Begun: July 26, 2015
Completed: October 15, 2015
Approx 95,000 words (pre-edit)
So I finished another book. Huzzah! And the appearance of Deacon is especially fitting for this one, since it concerns a grim reaper. I have quite a bit to do for it still, including a cover and blurb, but soon. A few weeks. To whet your appetite, here’s an excerpt after the jump:
Lightning Strikes Twice
Mitchell Seeker never expected to be struck dumb while running a simple errand on a random Tuesday. He planned to stop at the ritzy grocery store on Pine Street to meet someone, pop in for a heat-n-serve dinner from the deli, and spend a quiet evening with his dog Sadie and some Netflix.
Instead, he stood frozen by his car, watching the man of his dreams saunter through the automatic doors and disappear inside. Mitch’s mouth hung open. It was astonishing. It was life-changing. It was completely unexpected.
The lightning bolt that struck and killed Marianne Carelli, however, Mitch did expect.
Snapping his jaw shut, he shook himself. Drool over someone later. You have work to do.
The swollen clouds that had built all afternoon finally erupted like a water balloon filled beyond capacity, sending people scurrying for cover in their cars or the store. That’s when Mitch saw her. Marianne was a middle-aged woman with pretty dark hair being quickly plastered to her head as she struggled with an uncooperative umbrella. She was the only one not running, though Mitch gave her another twenty seconds before she gave up and was lost to him inside the store. He had to hurry.
“Can I help you with that?” His smile was at its most disarming as he reached for her umbrella, giving her no chance to protest in case she recognized him. He wasn’t exactly the person the residents of Caperville, Colorado went to for help.
“Thank you, but I—” she protested.
Mitch gave the umbrella a shake and jammed the pointy end straight down on the asphalt, jarring loose the jam in its mechanism. He flipped it upright and opened it with a flourish, the catch taking hold with an obedient click.
“Here you go.”
Marianne didn’t immediately take the umbrella, so he smiled again, grabbed her hand and wrapped it around the handle.
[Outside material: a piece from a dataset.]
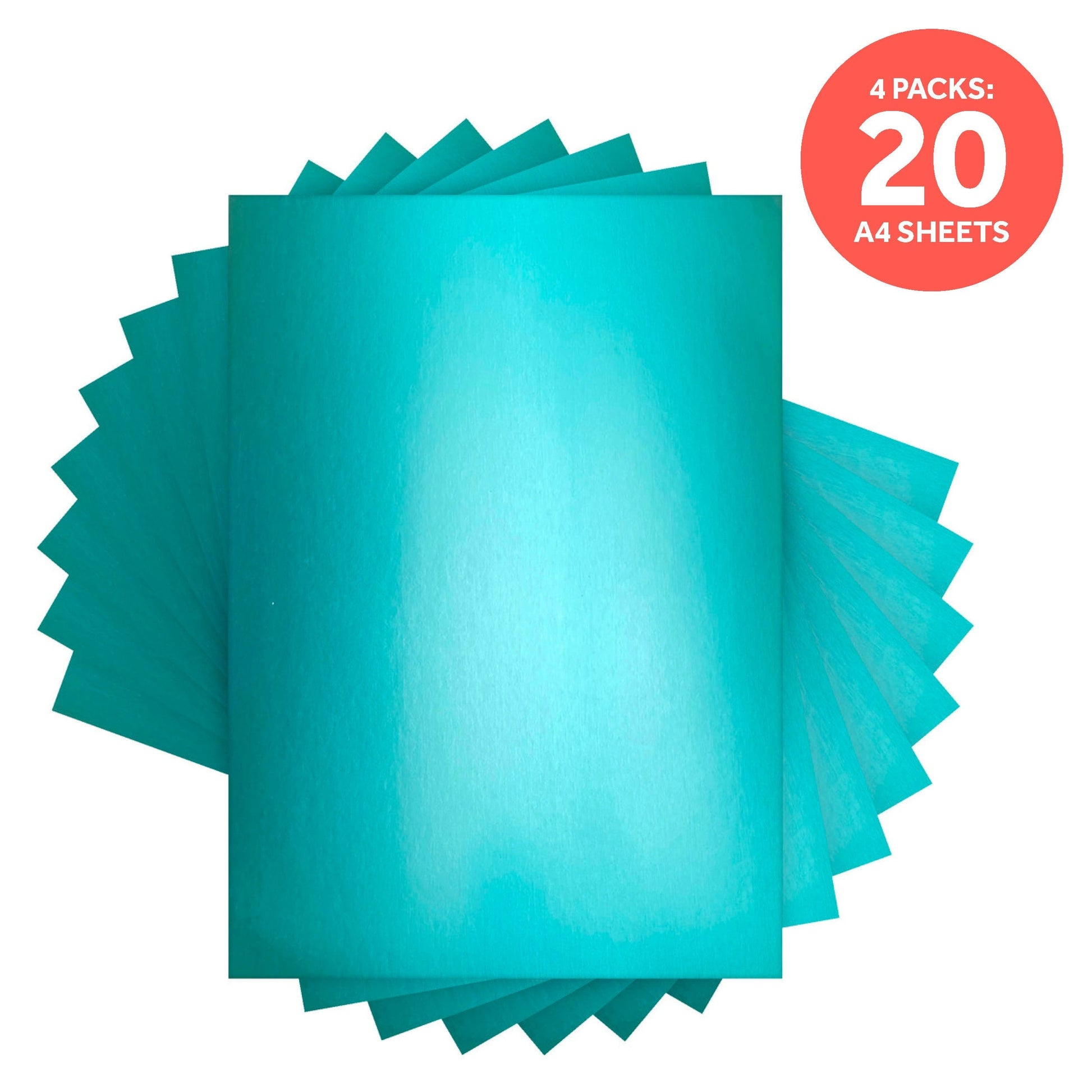 Craft Perfect Mirror Card Multipack of 4 Mirror Card - Satin Effect - Silky Sky - A4 - 9476E4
As he did so, the part of him there to meet Marianne engaged and his fingers warmed where her skin touched his, the tips glowing a brief red only he saw.
“Thank you,” she said, her surprise at having a perfectly normal encounter with one of the Seekers plain. Or so she probably thought.
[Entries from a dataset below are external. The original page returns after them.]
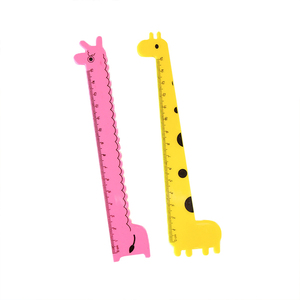 Plastic Ruler 12inch Colorful Straight Ruler Transparent Colored Different Design DIY Drawing Plastic Ruler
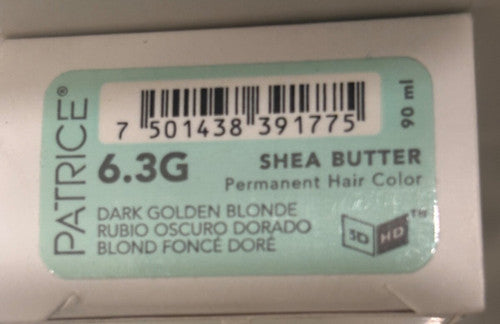 Permanent Hair Color - Dark Golden Brown, 3oz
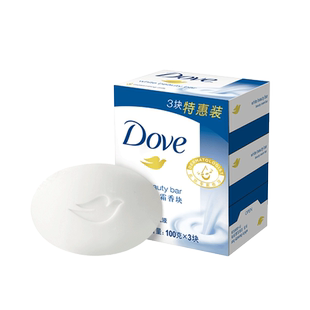 多芬柔肤乳霜香块香皂牛奶香氛白皂沐浴皂温和保湿洗脸正品进口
“Stay dry, now,” he said, tipping an imaginary hat and turning toward the doors. He hurried away, though not to escape the rain; he was already soaked to the skin. No, he didn’t want to be standing too close to Marianne now that his job was complete. He had to remain inconspicuous.
He made it to the overhang of the roof and stopped to wring out the bottom of his shirt, facing the parking lot. Thankfully there were no other bystanders when lightning forked from the sky and straight into the tip of Marianne’s umbrella. The flash was too bright for him to see her at the moment of death, but sparks cascaded to the ground as she fell, like glitter rain celebrating her spectacular end.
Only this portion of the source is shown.